This is illustrated in Fig. 5, for the delayed 2-bit XOR task, for general bit sequence recognition tasks and for the nonlinear signal equalization task. For the recognition tasks, the output needs to be 1 when observing certain target sequences of an idealized OOK 32GHz optical signal, and 0 for the non-target sequences. The results show that the readouts achieve good performance at both trained wavelength channels for all 10 different reservoirs.

In Fig. 6 we visualize the eye diagrams of nonlinear signal equalization performed for 2 wavelengths in parallel through multiple wavelength training for one specific reservoir. It is clear that compared to the orignal eye diagram, the eye diagrams at both wavelengths are much improved.

Fig. 6. Multiple-wavelength training for nonlinear signal equalization. (a) Eye diagram for original data stream after 2000km long dispersion- and loss-compensated optical fiber with Kerr nonlinearity. (b) Eye diagram after reservoir for wavelength 1552.4239 nm. (c) Eye diagram after reservoir for wavelength 1552.5244 nm.

Download Full Size | PDF

4. Mitigating laser wavelength drift

The input laser wavelength can drift over time, moving away from the optimal performance point, which can be a problem if the operating range is rather narrow.

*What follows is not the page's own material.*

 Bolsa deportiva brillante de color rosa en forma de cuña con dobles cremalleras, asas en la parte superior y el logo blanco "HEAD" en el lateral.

Therefore, in this section, we aim to enlarge the wavelength range over which good performance is achieved. Note that we suppose that this drift takes place on timescales much larger than the bit period. If not, the reservoir dynamics would be significantly altered compared to those used for training the readout, which would be detrimental to the performance.

As there is no closed-form analytical relation between this stable operating wavelength range and the readout weights, it is not possible to directly train the readout for this metric. Instead, the readout is trained to minimize the MSE for multiple wavelengths symmetrically situated around the targeted wavelength channel, similarly as in section 3. The number of wavelengths trained and the wavelength spacing between them need to be considered. For some reservoirs it suffices to train the target wavelength channel and the extremes of the targeted wavelength range. For other reservoirs, multiple closely spaced intermediary wavelengths are trained, so as to maintain consistent good performance over the targeted wavelength range. The difficulty thus lies in maximising the width of the wavelength range over which consistent good performance is achieved, without decreased performance in between trained wavelengths.

The targeted wavelength channel was chosen to be 1552.5244 nm. This is a wavelength channel on the ITU-T defined DWDM grid for all of the various possible frequency spacings (12.5 GHz, 25 GHz, 50 GHz, 100 GHz) [37]. Results are displayed in Fig. 7 for two specific reservoir initializations for a nonlinear bit level task, namely the 2-bit delayed XOR task, and the nonlinear signal equalization task.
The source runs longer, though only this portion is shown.